# BUG Report: Possessed 921



## JoeQ (Dec 17, 2003)

I have had my 921 for 2.5 days and it apparently died Friday morning. 

All I did was unplug the thing so I could move it to get to the back connectors and here is what happened:

The Dish logo would come up, it would then say "acquiring sat signal' and then nothing but a black screen.
NONE of the buttons on the remote did anything (except the power button on the front panel would toggle between green and off ) nor anything on the front panel.
Heck, even the SD/HD lights were both out.

2 hours on the phone with DISH having me unplug the thing,yank the smart card a bunch of times and nothing worked.
So, DISH decided it was dead and is shipping me a new one.

That is just the beginning of the story.


I left the 921 unplugged all afternoon for over 4 hours as I had other things to do. 
Then, I went to yank the 921 out and re-connect my 6000 till the replacement 921 unit shows up 
On a whim, I plugged the 921 in and after it booted, it magically worked - ALMOST.

Got a picture, it responded to the remote,etc. and everything worked but it was missing most but not all of my channels. 

Made another call to DISH who had me test various transponders (they all showed around 125) and the CSR said "It must still be broken so wait until the replacement unit comes"

In frustration, I unplugged/replugged in the 921 again and my possessed 921 now worked 100%.
After THIS reboot all my subscribed channels showed up again!

Worked fine from around 9 PM last night and is still working fine this morning.

This is a very simple configuration:
1) I have NO OTA antennas hooked to this unit. 
2) No switches.

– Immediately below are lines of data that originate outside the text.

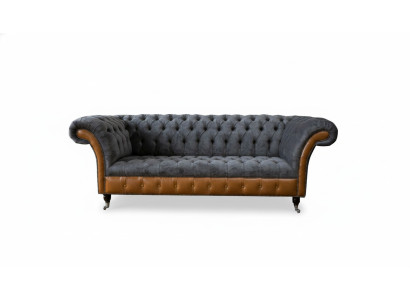 Canapé Chesterfield 3 places en tissu textile gris PropertyInfo_MULCH_Fabric Gray Couches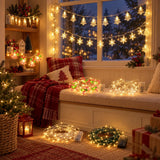 Christmas LED String Lights, 8-Pack, 200 LEDs, 3 Strand Lengths, Battery-Powered Holiday Décor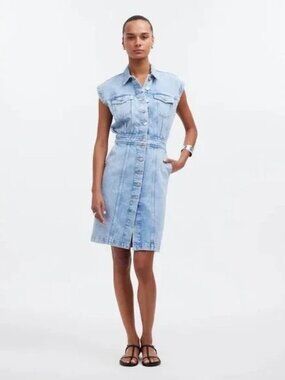 Madewell Denim Cap Sleeve Button Front Shirt Dress 100% Cotton Size 2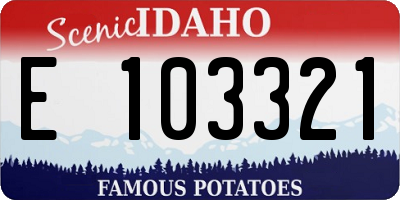 ID license plate E103321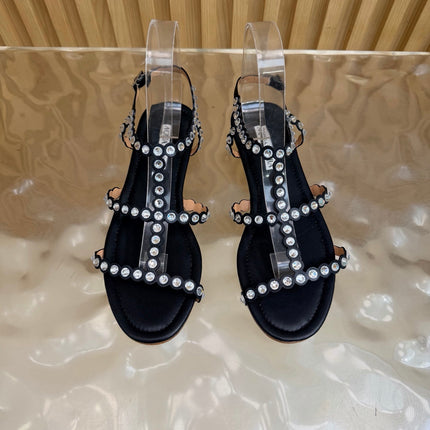 AQUAZZURA 26S FLAT SANDALS IN BLACK CALFKSIN CRYSTAL EMBELLISHED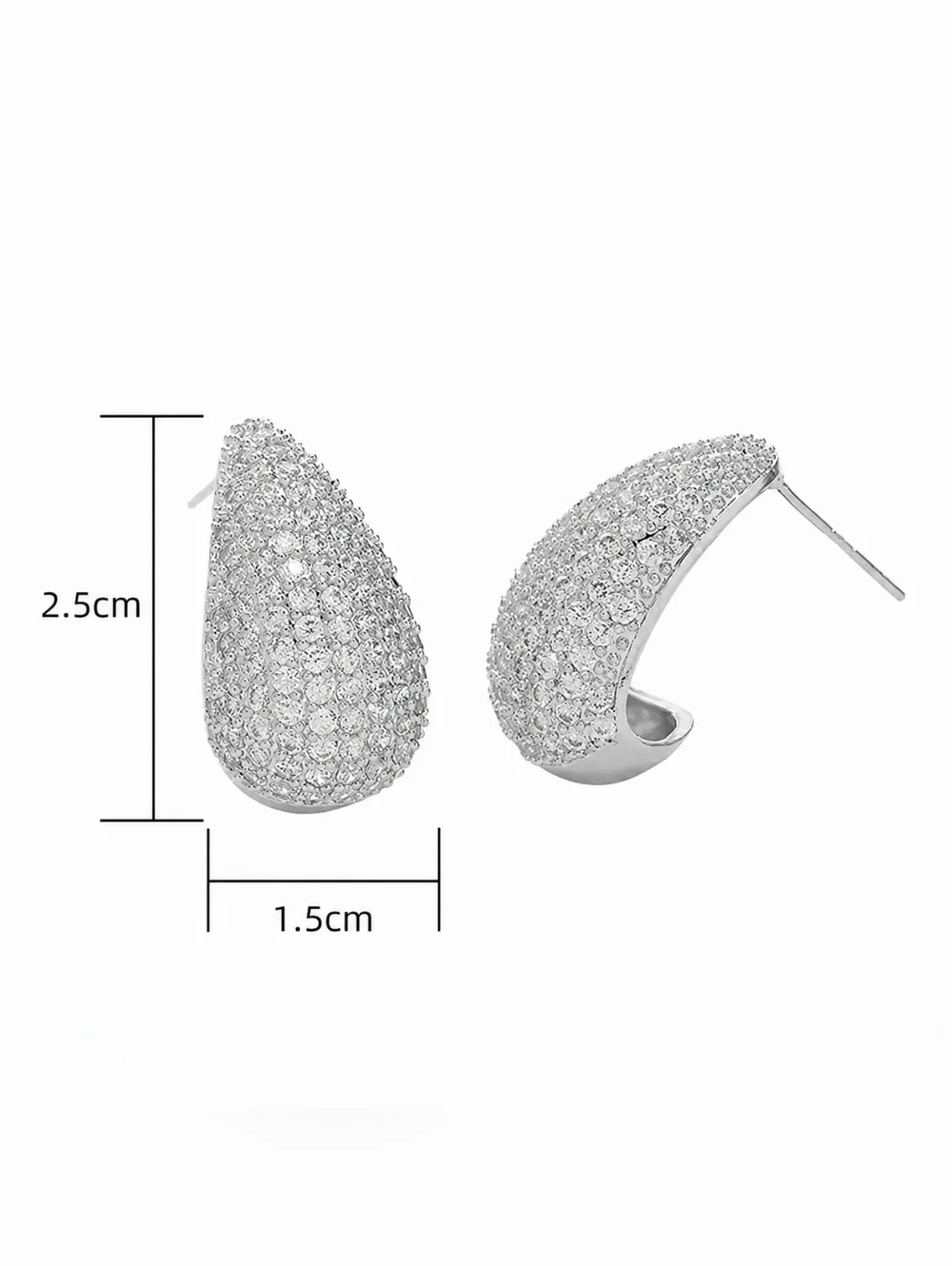 Silver Pave Teardrop Hoop Earrings - Picture 3 of 4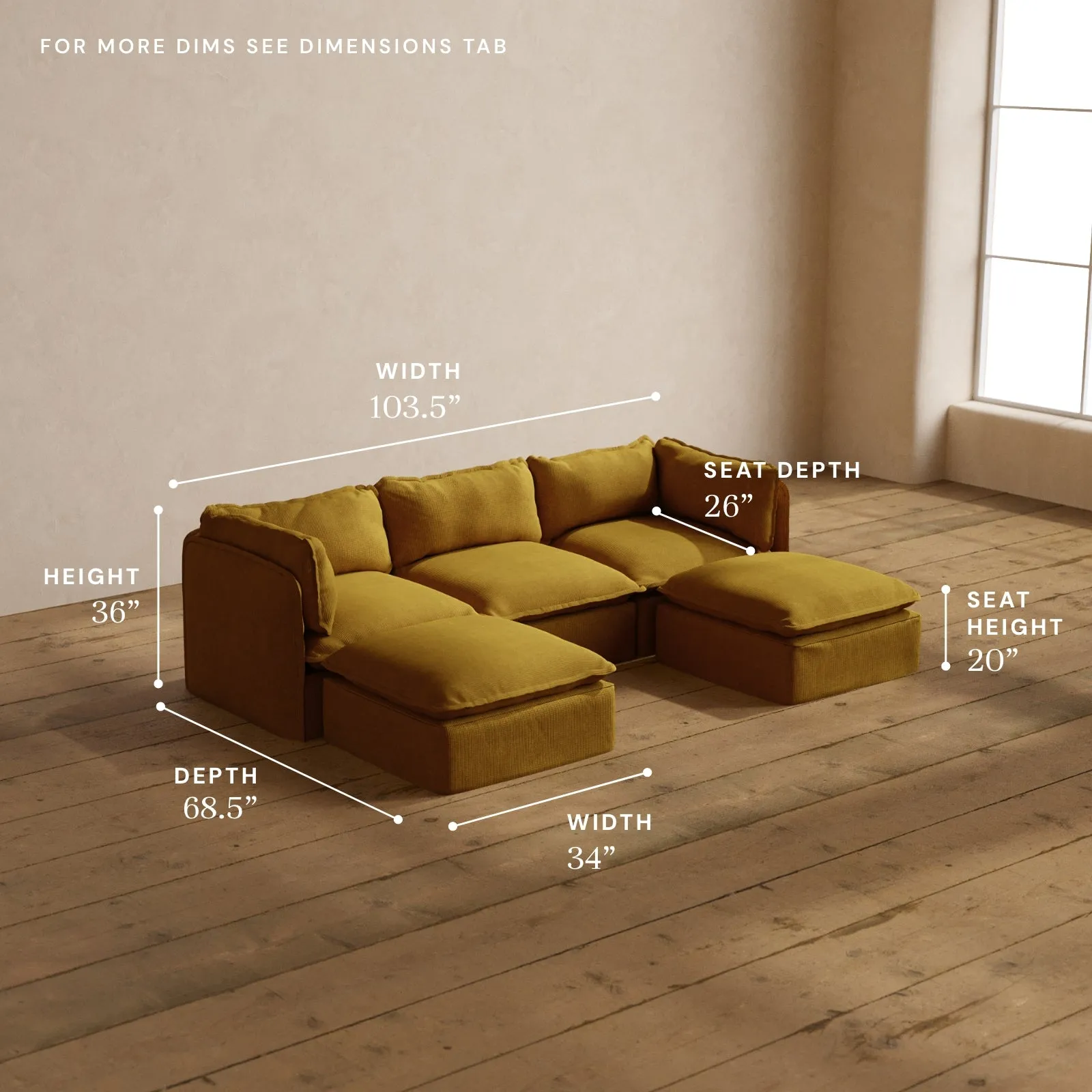 Modular Washable 3-Seater U-Sectional in Kiiro | Deluxe  Seat | Cloud Pillow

The 500 twin cables are connected to each input so all it sees is 110/119.
3) Check switch says "500 Twin" and both tuner 1 and 2 show 110/119
4) SW rev is 145



So, how do I report this as a single bug?

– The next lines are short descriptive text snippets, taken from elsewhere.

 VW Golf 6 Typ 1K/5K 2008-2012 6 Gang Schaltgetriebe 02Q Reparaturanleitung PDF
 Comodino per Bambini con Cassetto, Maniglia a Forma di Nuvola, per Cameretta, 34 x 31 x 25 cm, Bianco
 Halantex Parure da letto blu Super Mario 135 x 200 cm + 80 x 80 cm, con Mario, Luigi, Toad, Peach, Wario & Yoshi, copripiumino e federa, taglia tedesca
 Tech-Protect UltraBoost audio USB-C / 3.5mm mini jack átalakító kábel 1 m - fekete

I would think DISH would want to get to the bottom of this cause if it happens to more than one person, it is going to cost them a lot of money sending out possibly unnecessary replacement 921's. 

I am still going to swap this one out when the 'replacement' 921 shows up just in case this was a HW problem.

Joe


----------



## Mark Lamutt (Mar 24, 2002)

Sounds like a hardware issue to me.


----------



## JoeQ (Dec 17, 2003)

Mark Lamutt said:


> Sounds like a hardware issue to me.


Maybe and maybe not.

I recalling unplugging it when it was recording. I think I had 2 recordings going on.
I am not going to try that again but someone else can

It is still working perfectly so I guess whatever bug DISH finds when they get this receiver (no hurry cause this one is working fine now) from me, will eventually get fixed in a new SW load.

Joe


----------



## ayalbaram (Aug 4, 2003)

JoeQ said:


> I would think DISH would want to get to the bottom of this cause if it happens to more than one person, it is going to cost them a lot of money sending out possibly unnecessary replacement 921's.
> 
> I am still going to swap this one out when the 'replacement' 921 shows up just in case this was a HW problem.
> 
> Joe


Do not swap your unit the root of the problem is the tech support knows very little about the unit. It sounds like there was a s/w update in progress that you kept disturbing. the updates are very slow and the rec must be left alone to complete them if you reboot in the middle it will just delay the process. The update can take an hour+ to download and 2+ hours to install when you leave it alone! I would not change the rec. unless the problem repeats itself. I am speaking on this matter from experience with 4 different 921 I saw very similar issues with one and it was caused by my impatience and not allowing the s/w to update properly.


----------



## Ronald K (Jan 11, 2004)

The other evening I simply turned the unit on and it took 45 minutes of reboot attempts before it worked. It wasn't recording at the time . It wasn't down loading software. It was doing nothing.

What a pain in the ---


----------



## JoeQ (Dec 17, 2003)

ayalbaram said:


> It sounds like there was a s/w update in progress that you kept disturbing.


I went through the 45 minute wait 4 days ago wen I first installled this unit.
The SW rev has not changed since then. 
It was L145 when I finished installing it and it is still L145.


----------